_ACTIVITY_: Make an exact copy of the lines from the one containing "A group of adults" through the end of the material, including both ends but no pictures.

_PROVIDED INFORMATION_:

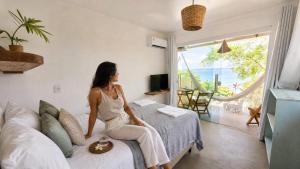a woman sitting on a bed in a room with a window at Monkey beach agroturismo in Gamboa
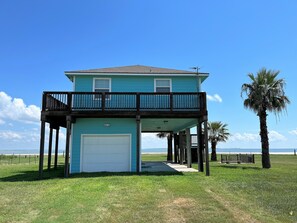 House from the main street showing the wrap around deck on 3 sides.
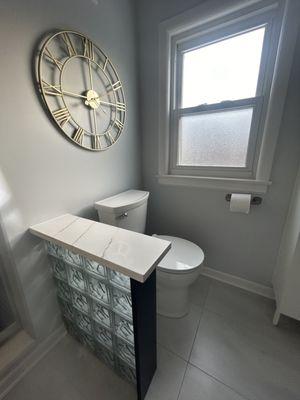 Custom glass block partial wall with quartz topper to separate toilet area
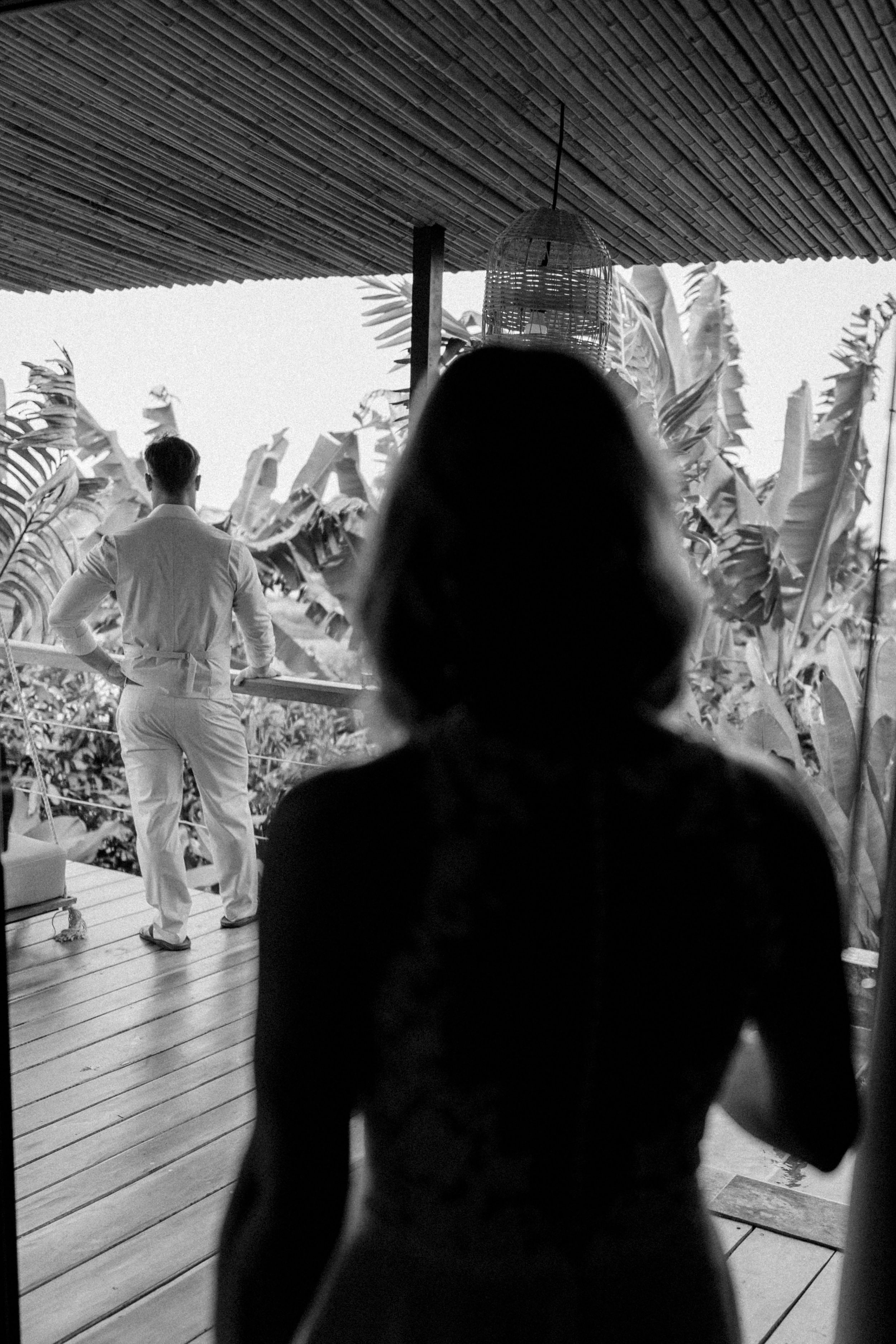 Black and white silhouettes dancing in a tropical setting with palm trees in the background.
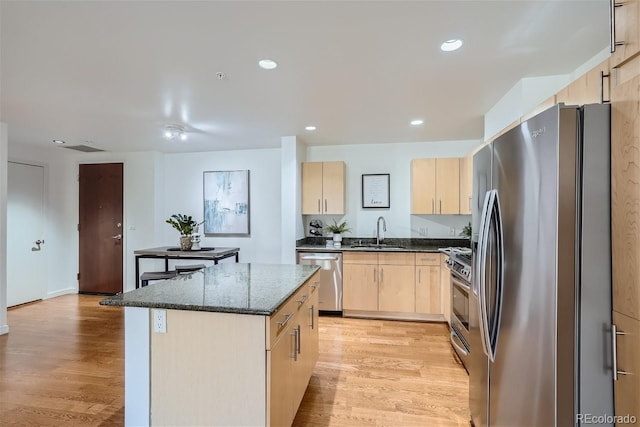 kitchen featuring appliances with stainless steel finishes, light brown cabinetry, sink, and a kitchen island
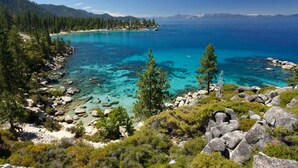 A coastal landscape with clear turquoise waters, rocky shores, and dense pine forests. - Mahogany by Avantstay Snowbird Cabin w Full Chamberlands Access (Homewood)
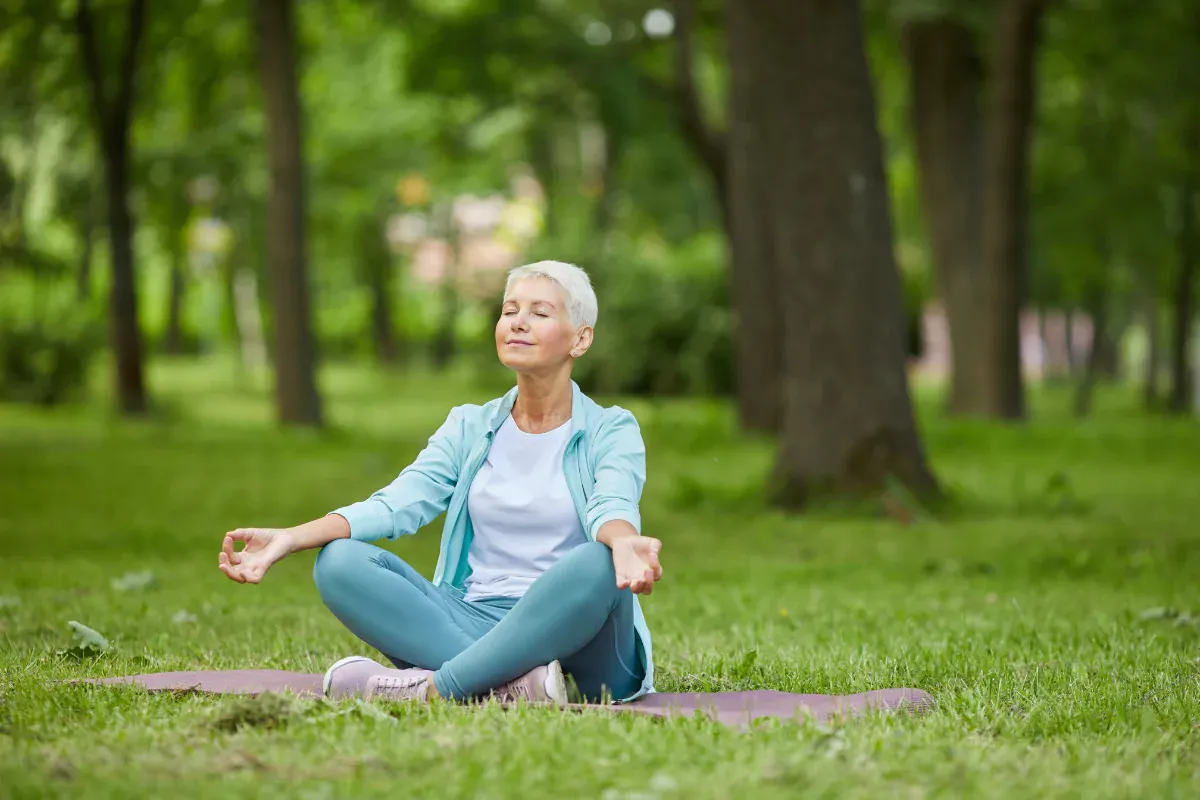 Una anciana sentada en el césped, meditando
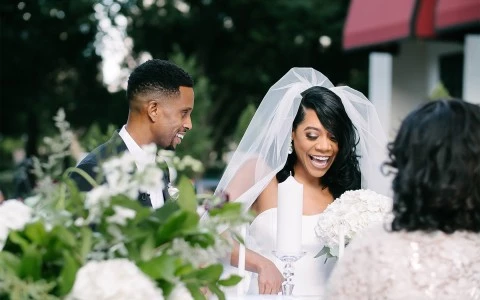 Bride and groom laughing 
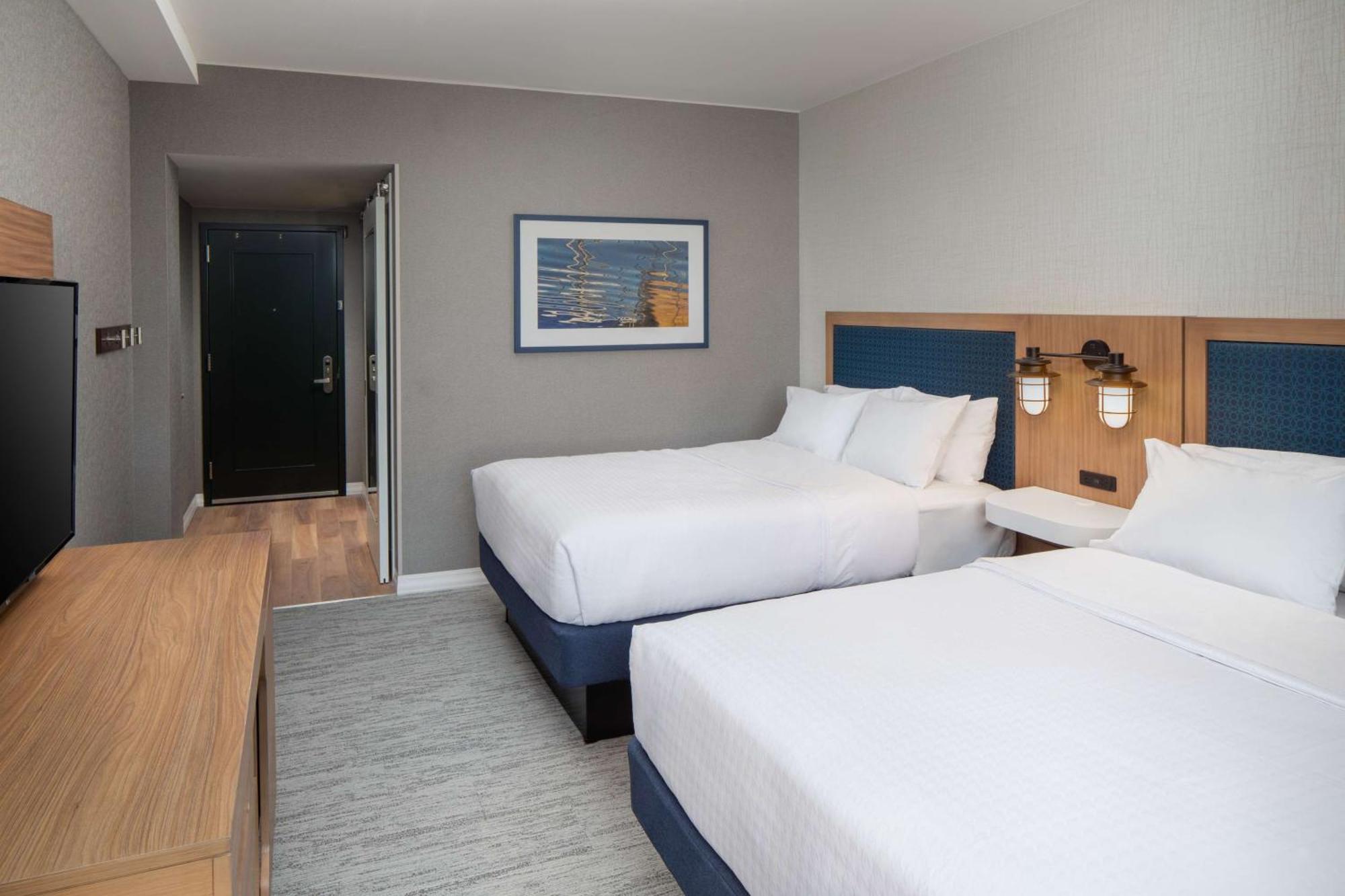 Queen Room with Two Queen Beds with Sofa Bed and Water View - Mobility Accessible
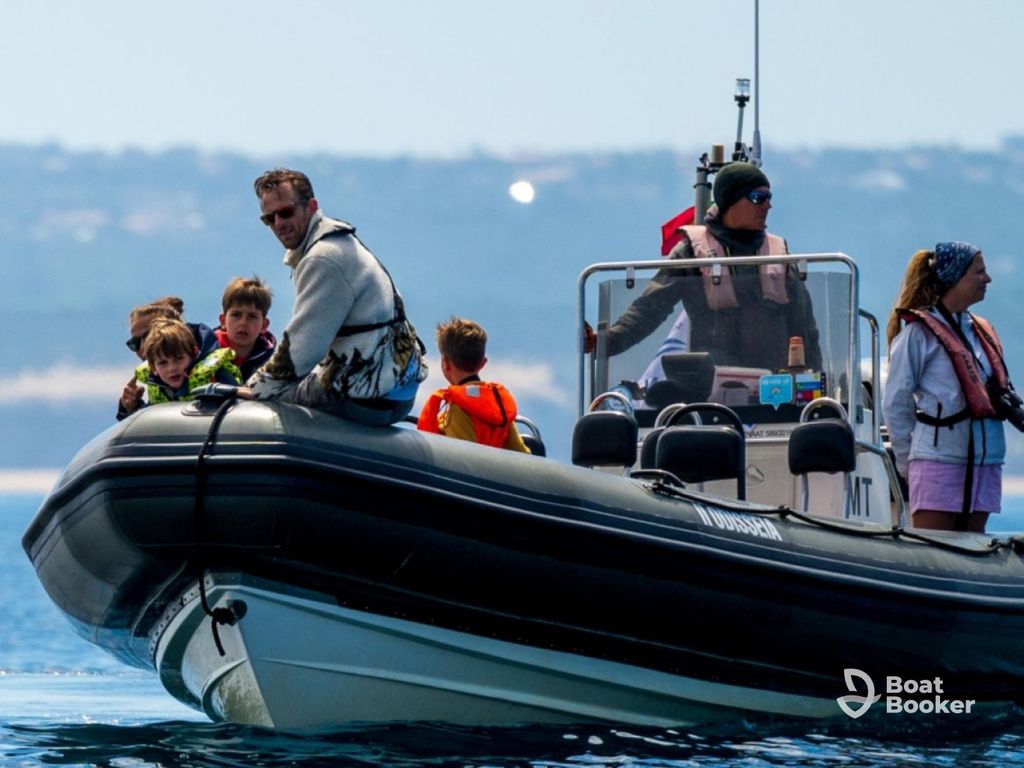 A group of adults and children in life jackets are seated on a black inflatable boat on calm water, with land visible in the background.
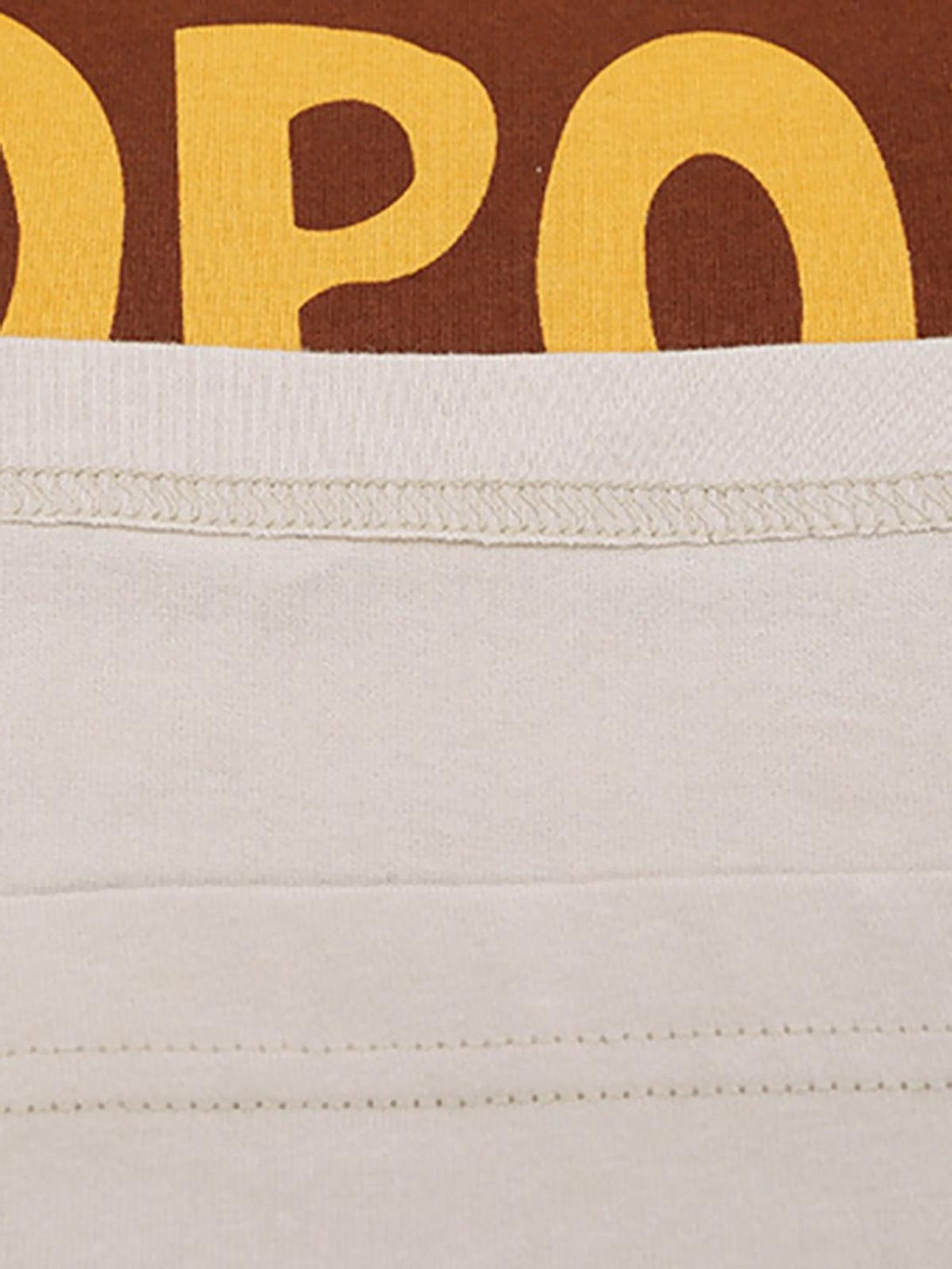 Intricate look at TALISHKO T-shirt stitching, highlighting the bold bear and letter print design.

_TASK ANSWER_:
 A group of adults and children in life jackets are seated on a black inflatable boat on calm water, with land visible in the background.
 Intricate look at TALISHKO T-shirt stitching, highlighting the bold bear and letter print design.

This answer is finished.